(INPUT FOR THIS TASK begins)
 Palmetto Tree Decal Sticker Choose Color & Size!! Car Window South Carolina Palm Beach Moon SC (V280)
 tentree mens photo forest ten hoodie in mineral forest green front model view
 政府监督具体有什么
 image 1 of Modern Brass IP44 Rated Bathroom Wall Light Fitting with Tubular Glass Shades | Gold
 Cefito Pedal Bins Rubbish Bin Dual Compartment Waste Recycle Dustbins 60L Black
(INPUT FOR THIS TASK ends)
(INPUT FOR THIS TASK begins)
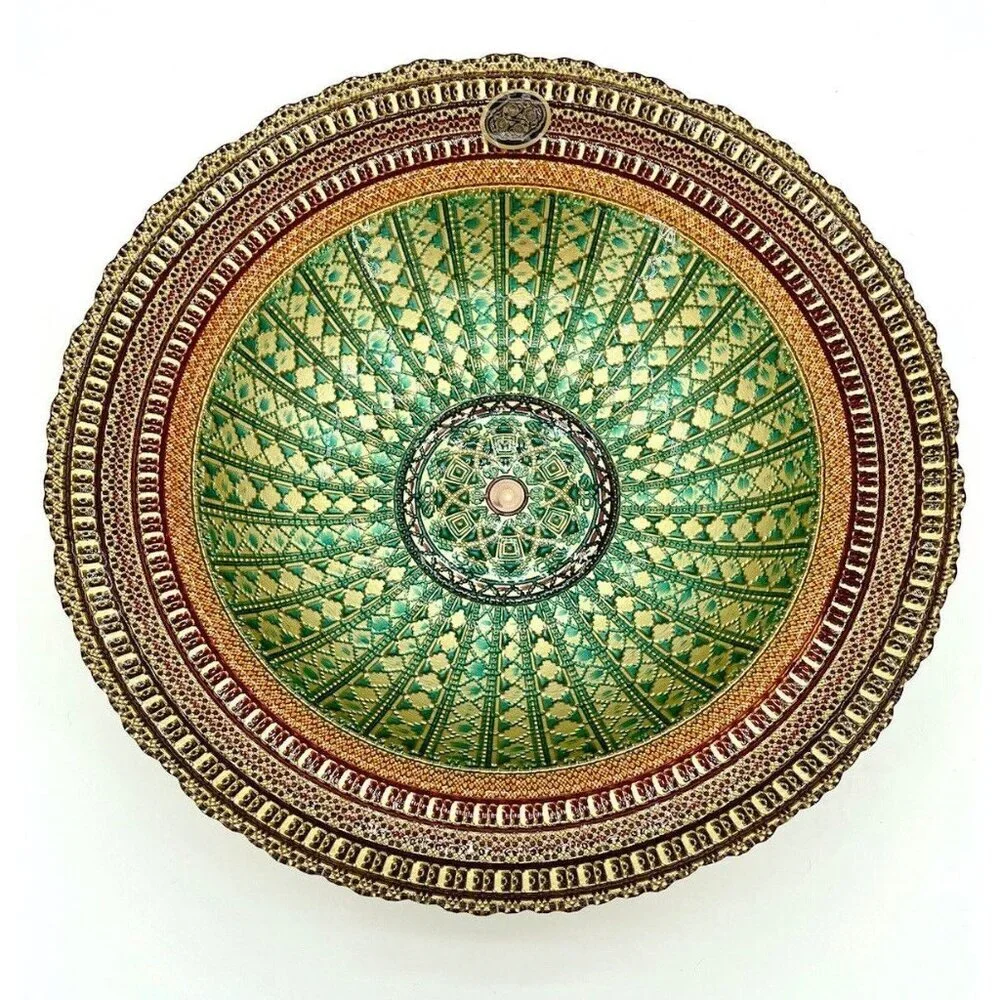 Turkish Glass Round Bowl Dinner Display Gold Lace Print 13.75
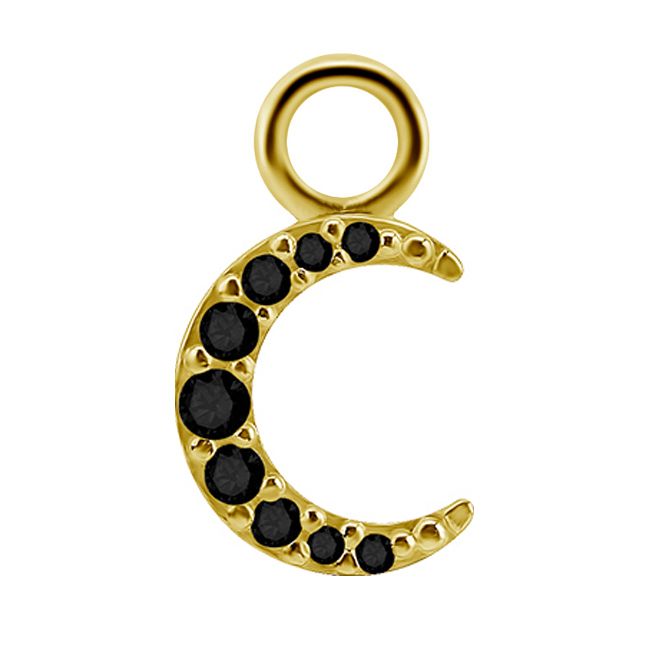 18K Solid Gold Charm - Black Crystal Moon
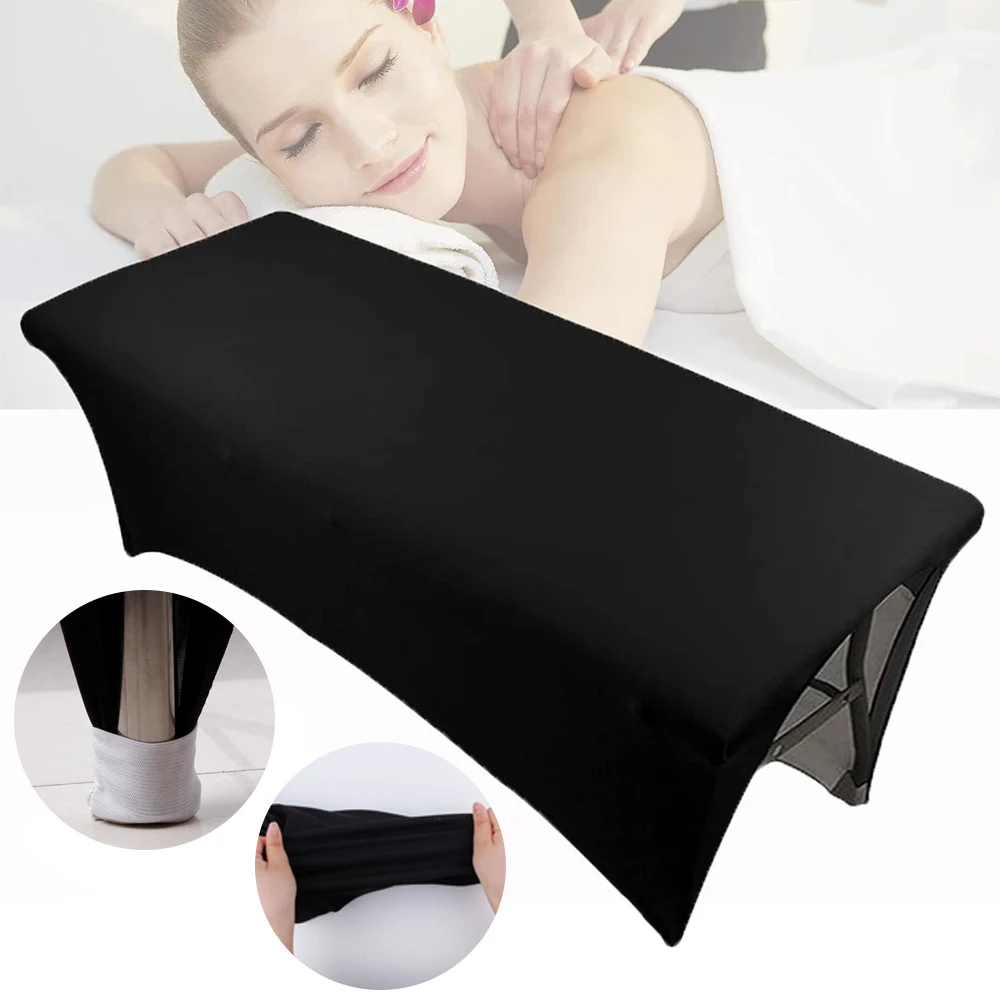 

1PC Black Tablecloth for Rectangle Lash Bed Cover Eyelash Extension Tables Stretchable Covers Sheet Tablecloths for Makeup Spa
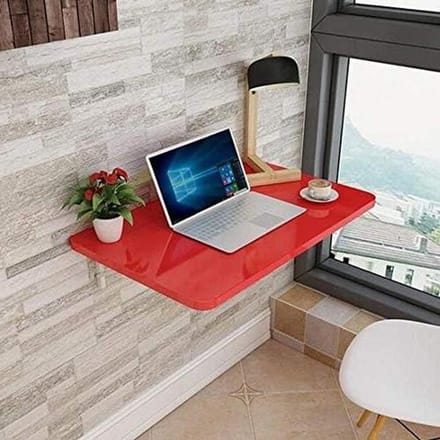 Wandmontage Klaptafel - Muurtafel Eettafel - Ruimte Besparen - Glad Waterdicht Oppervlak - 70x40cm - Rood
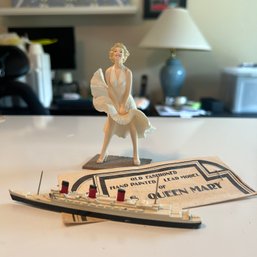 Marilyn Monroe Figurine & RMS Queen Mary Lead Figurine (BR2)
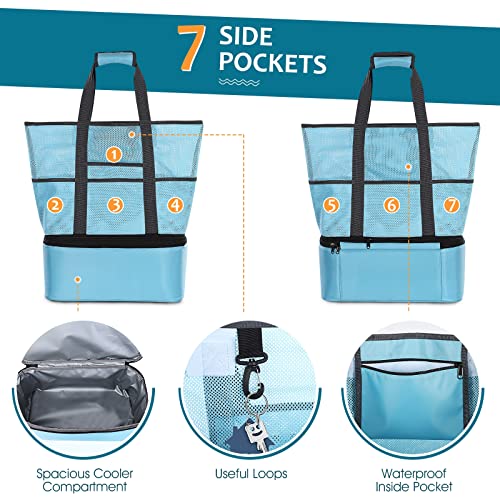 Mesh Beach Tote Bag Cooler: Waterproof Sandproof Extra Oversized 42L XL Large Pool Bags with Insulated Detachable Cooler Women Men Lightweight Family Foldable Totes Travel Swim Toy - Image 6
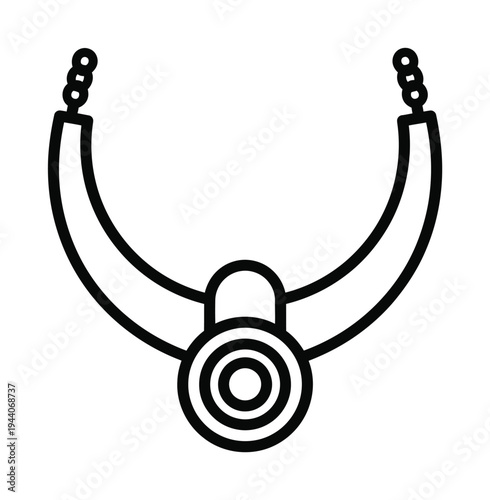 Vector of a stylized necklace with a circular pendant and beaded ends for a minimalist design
(INPUT FOR THIS TASK ends)
Take the records above and return, word for word, only the lines that fall from the line with "tentree mens photo" to the line with "Cefito Pedal Bins", both of them included.

 tentree mens photo forest ten hoodie in mineral forest green front model view
 政府监督具体有什么
 image 1 of Modern Brass IP44 Rated Bathroom Wall Light Fitting with Tubular Glass Shades | Gold
 Cefito Pedal Bins Rubbish Bin Dual Compartment Waste Recycle Dustbins 60L Black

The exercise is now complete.